Practice not planning to bid new work while it focuses on Stratford cultural projects
O’Donnell & Tuomey co-founder Sheila O’Donnell has said the practice won't be chasing any new work until the new year in order to focus on its two landmark projects at the Olympic Park.
O’Donnell, whose practice yesterday released fresh images of V&A East, said she and partner John Tuomey had decided to put off seeking new jobs in order to focus on the the Stratford projects.
O’Donnell & Tuomey is delivering the “bookends” of the East Bank scheme, designing venues for both the V&A and Sadler’s Wells.
Speaking to BD, O’Donnell said: "At the moment we are concentrating on what we are doing. We have come to a new stage with these two buildings so we really want to focus on them and on making them as good as we can. It’s a huge thing for us.
"We now have four staff in London which means we can work very closely with the rest of the team. Having a presence here is quite important given the scale of the project.

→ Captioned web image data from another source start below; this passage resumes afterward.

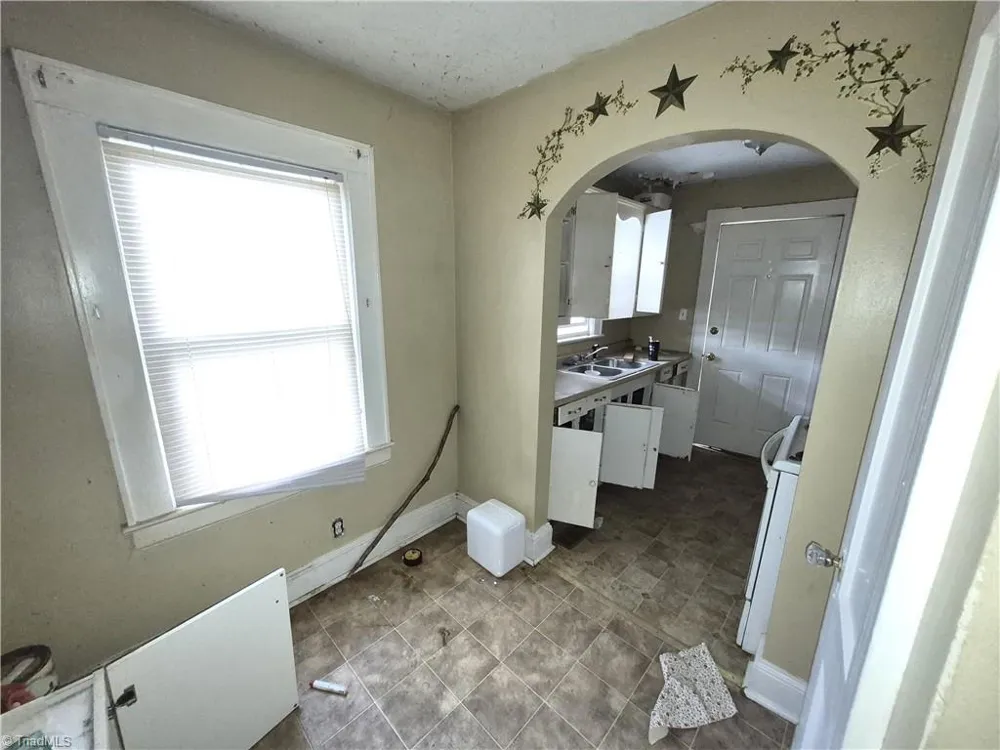 1804 Eugene Avenue High Point, NC 27260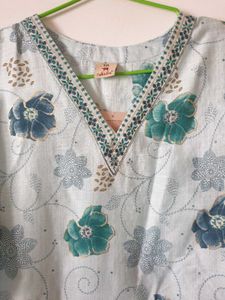 SALE‼️Blue Suit Set With Vibrant Floral Print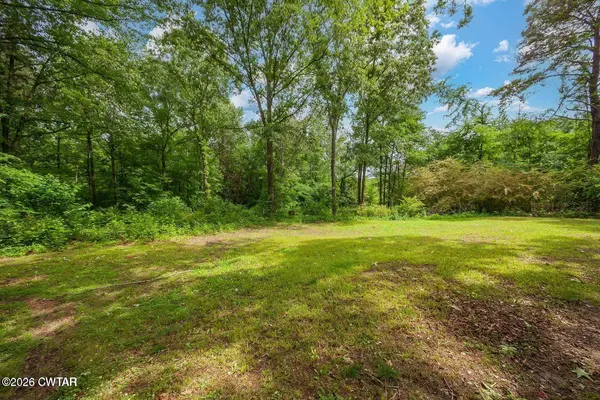 2950 Law RD, Lexington, TN 38351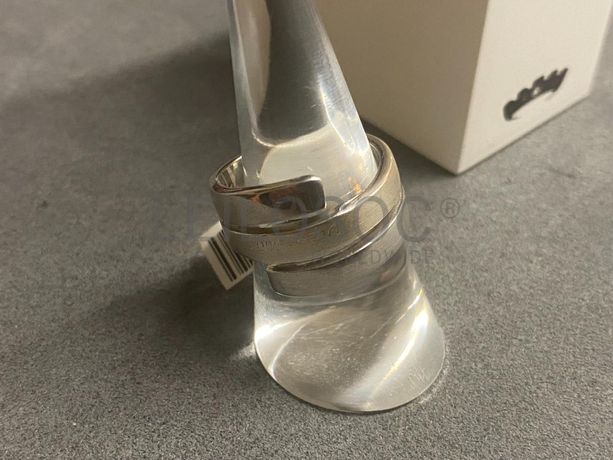 Anéis em prata e outros materiais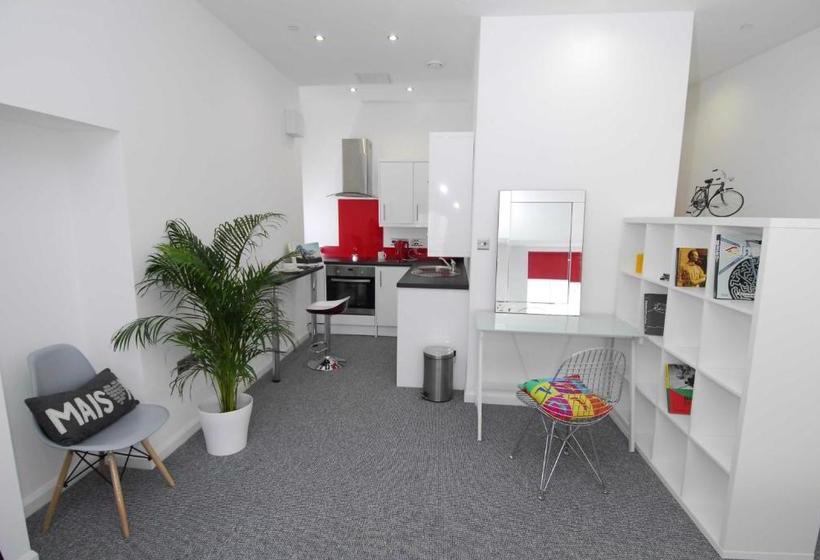 هتل Fox House, Studio Apartments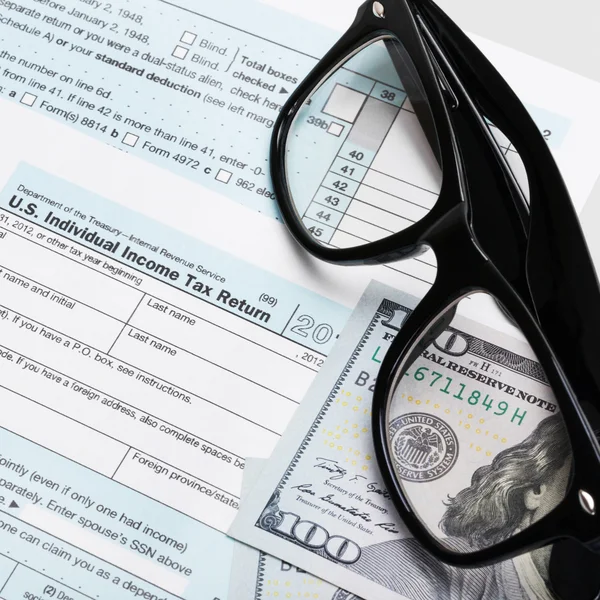 USA daňový formulář 1040 s brýlemi a 100 americké dolarové bankovky — Stock fotografie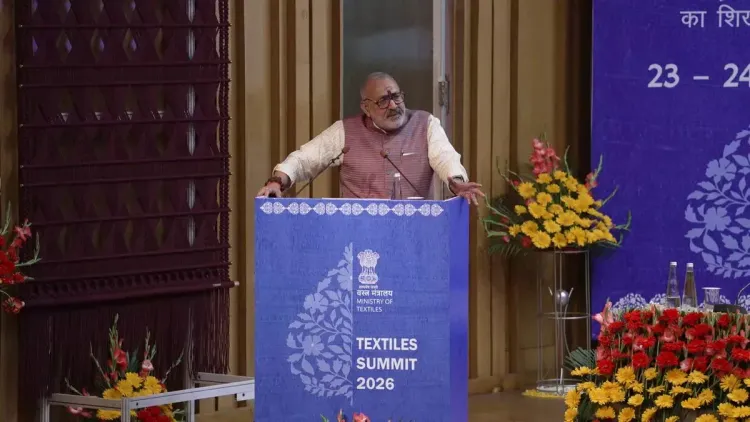 Giriraj Singh Pushes Buyer-Driven Model for Textile Exports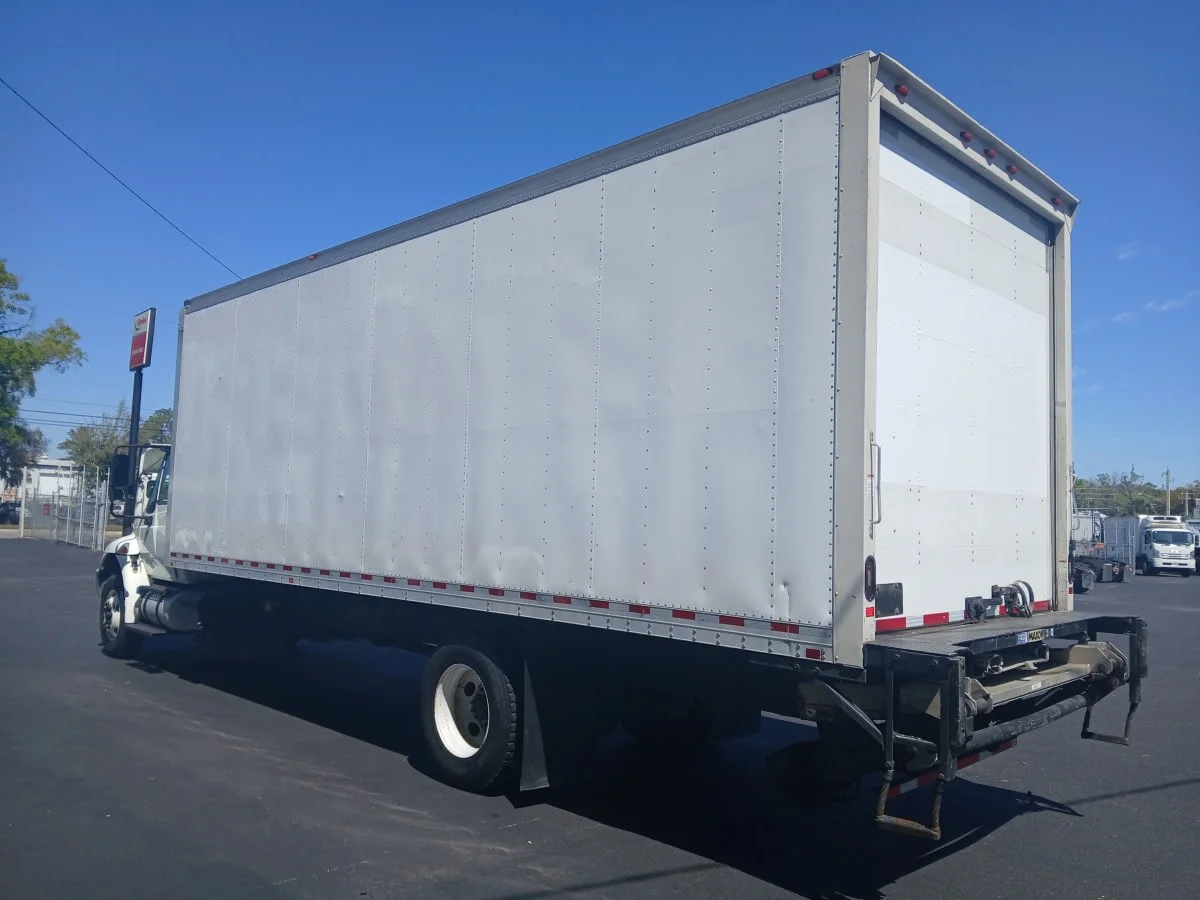 2018 International 4300 in Jacksonville, FL — photo 6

"We’re always talking to people in Europe about competitions but we’ve just been through a phase of doing some competitions which we didn’t win. We realised then that we have something so amazing to do for the rest of the year that John and I decided we want to really put our attention into the next stage of design development for the V&A and Sadler’s Wells. They are so important and so exciting."

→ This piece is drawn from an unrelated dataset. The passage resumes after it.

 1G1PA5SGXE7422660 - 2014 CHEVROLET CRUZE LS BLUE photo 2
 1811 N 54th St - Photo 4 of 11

O'Donnell also spoke about the "distress" she and Tuomey felt over the possible eviction of the Central European University from the building the pair designed for it in the centre of Budapest.
O'Donnell described the university's potential expulsion from the project, which has been shortlisted for the RIBA International Prize 2018, as "ironic".
She said: "It’s very strange for us to have designed a building around a particular institution which now may well be evicted by the government of the country which it’s located in.
"It is odd because the university is all about democracy and democratisation of the east, so it’s really ironic they would be evicted from their house. They have up until now found having the new building to be really helpful to them in a way, giving them a sense of power and a right to stay there."
She said the last time the practice met with the university's president, Michael Ignatieff, he said the new building had given the university "a much better sense of identity", something she said she had felt very positive about.